Il m’a semblé que cette page devait être citée, pour qu’on ne fût pas tenté de confondre l’« intellectualisme » de Paul Adam, comme le voilà, tout brûlant de patriotisme, et la doctrine de ces prétendus « intellectuels » qui, ayant perdu la notion de l’intelligence française, aboutissent aux neutralités les plus honteuses. Petit-fils d’un soldat de l’Empereur et fidèle à ses traditions de famille, Paul Adam, si aventureuse que fût parfois sa dialectique, ne s’est jamais laissé divertir de ses croyances nationales. Toute son œuvre exalte la grandeur française, la gloire de nos drapeaux, les victoires que nos soldats ont remportées sur les champs de bataille. Il n’a point commis l’erreur, si répandue, l’erreur de penser que les triomphes de l’esprit remplacent les triomphes militaires. Il n’a point redouté la guerre ; et, qu’on veuille relire son œuvre : il a aimé la guerre. Il a mérité l’hommage qu’a rendu à sa dépouille l’un de nos chefs dont l’autorité est indiscutable et qu’on ne soupçonnera pas de complaisance pour les idées fausses, le général Mangin.
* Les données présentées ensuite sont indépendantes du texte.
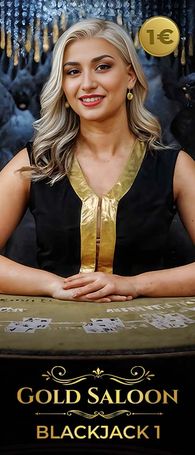 Gold Saloon Blackjack 1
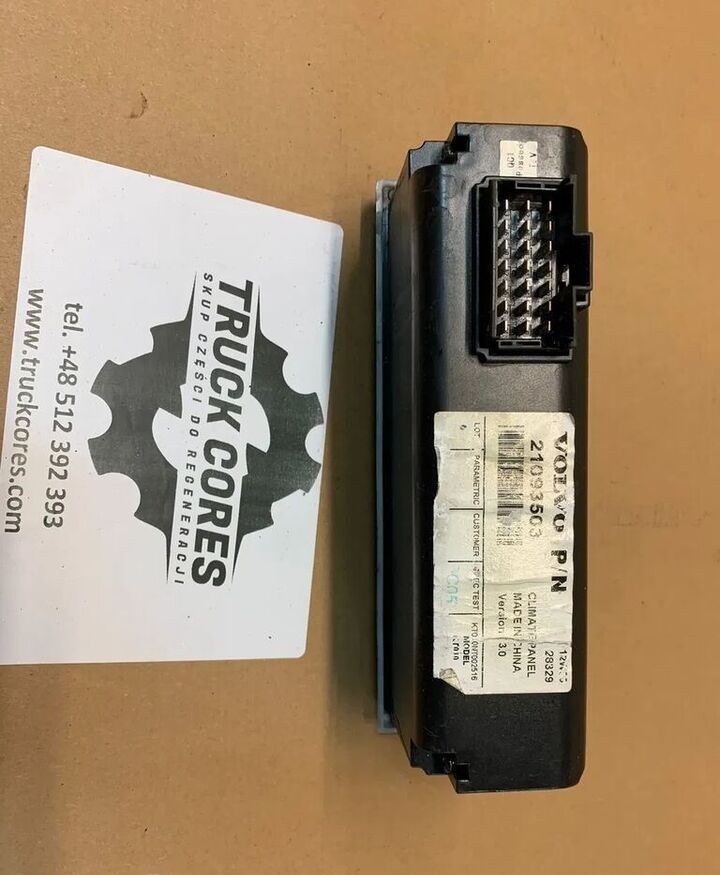 Scania Sterownik Klimatyzacji KT010 VOLVO P/N 21093503 Scania truck - Cruscotto per Camion: foto 2 Scania Sterownik Klimatyzacji KT010 VOLVO P/N 21093503 Scania truck - Cruscotto per Camion: foto 2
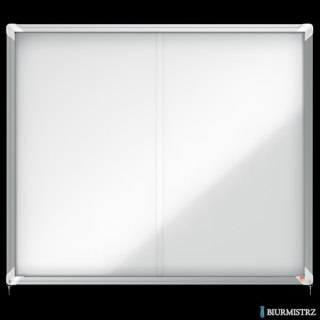 Gablota magnetyczna zewnętrzna Nobo Premium Plus 15xA4 (drzwiczki przesówne) 1902609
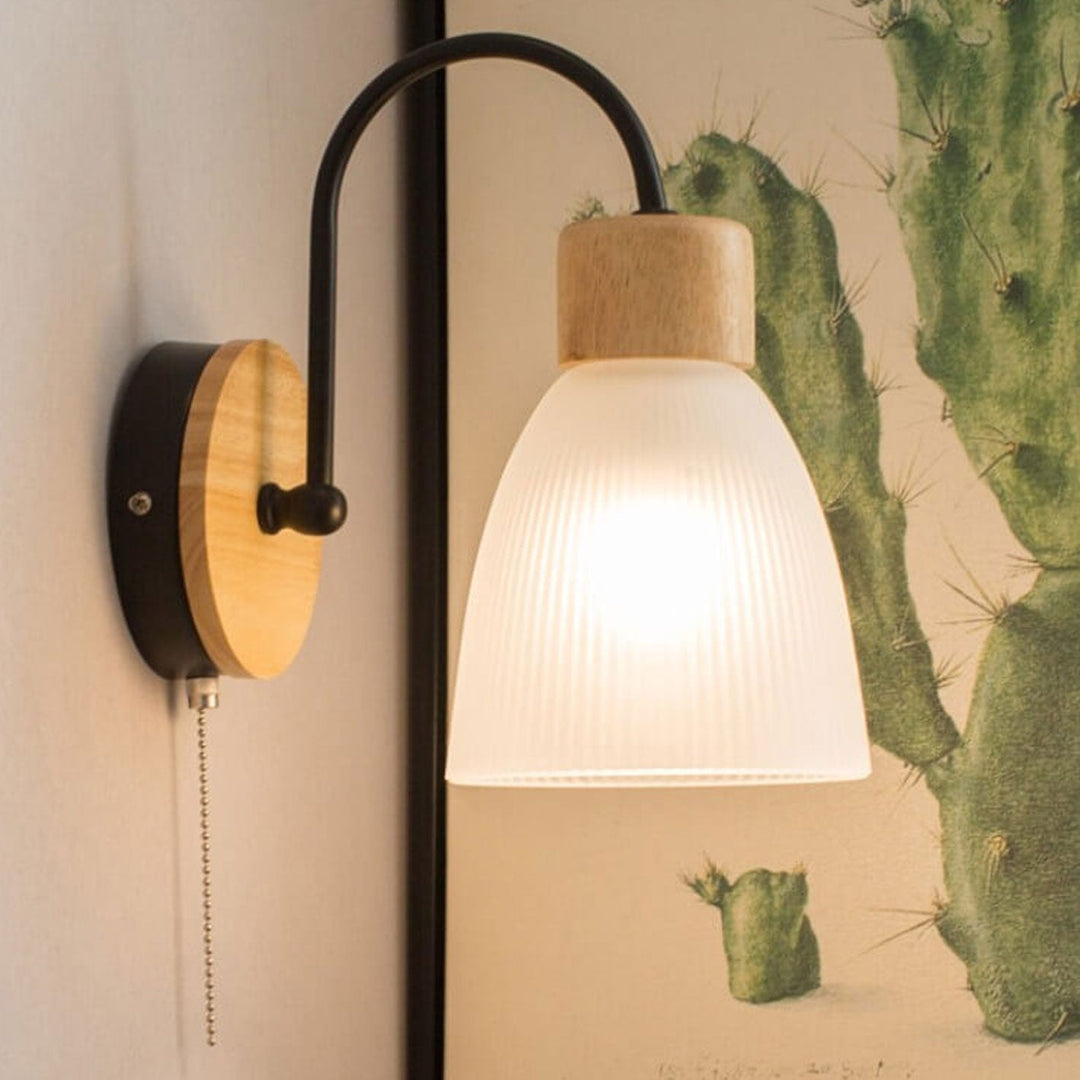 Lampe Applique Murale Moderne Design Simple Courbé 1-Lumière 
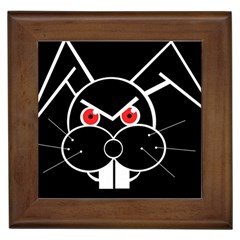 Evil Rabbit Framed Tiles by Valentinaart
Mais enfin, nous n’avons pas fait la guerre en 1898, quand Paul Adam dit que nous étions prêts ; nous ne l’avons pas faite en 1908, quand Paul Adam nous sommait de ne plus attendre ; et, en 1914, nous ne l’avons pas déclarée. Est-ce qu’à son avis la logique avait été perpétuellement méconnue ? Et notre victoire difficile et tardive est-elle, au bout du compte, la victoire de la logique ? On peut le dire, et dire le contraire. Il serait facile de signaler le danger qu’il y aurait eu à suivre les commandements de la logique tels que les formulait Paul Adam, et à les suivre au moment qu’il les formulait. Il est difficile de démêler, parmi les éventualités de jadis et de naguère, celles qui avaient le plus de chances de ne pas s’anéantir. Et, s’il est vrai que les plus saines intentions de l’élite soient réduites à rien par la prépondérance, illégitime, hélas ! mais inévitable, des médiocres, s’il en est ainsi depuis que le monde est monde, peut-être vaut-il mieux noter que la logique ne gouverne pas le monde et que l’histoire ne ressemble pas au déroulement rigoureux d’un syllogisme ou d’un sorite.


C’est à l’histoire qu’il faut s’adresser pour éprouver l’intellectualisme, comme on éprouve les idées au contact de la réalité. Ainsi, procède Paul Adam. Et, si l’on est surpris que le romancier que j’étudie devienne, dans mon résumé, un idéologue d’abord, et puis un historien, voilà pourtant le double caractère de son œuvre.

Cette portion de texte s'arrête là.